→ Work instructions:
Pictures aside, the data must be reproduced exactly.

→ Dataset entries:
══════════════════════════════

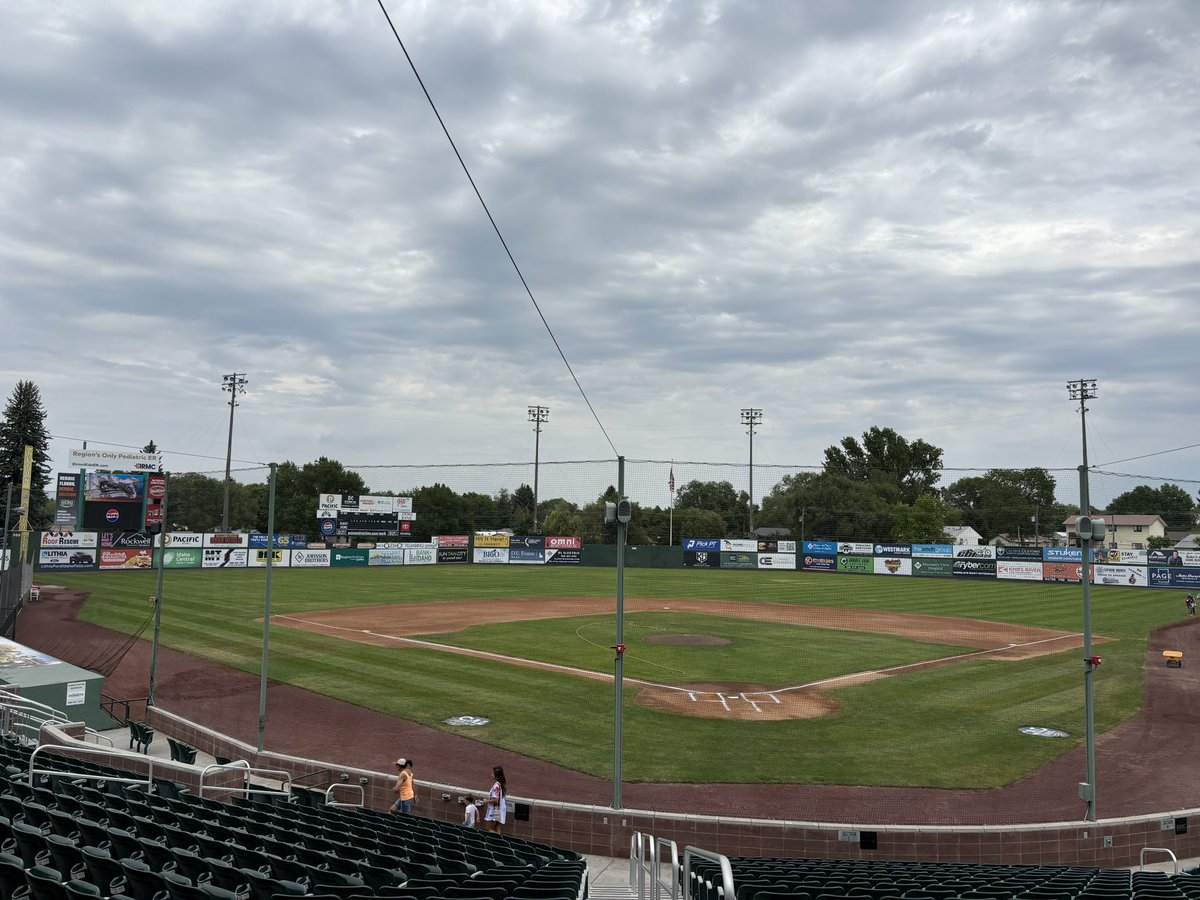 First half finale today as the Mustangs hope to avoid a sweep against the Idaho Falls Chukars

Mustangs (21-26) vs Chukars (20-27)

James Deloatch (2-4 12.77 ERA) v Garrett VanDeventer (0-3 9.60 ERA)

Coverage 1:45 p
1st pitch 2:05 p
ESPN910/105.5FM
espnbillings.com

══════════════════════════════

→ Final answer:
 First half finale today as the Mustangs hope to avoid a sweep against the Idaho Falls Chukars

Mustangs (21-26) vs Chukars (20-27)

James Deloatch (2-4 12.77 ERA) v Garrett VanDeventer (0-3 9.60 ERA)

Coverage 1:45 p
1st pitch 2:05 p
ESPN910/105.5FM
espnbillings.com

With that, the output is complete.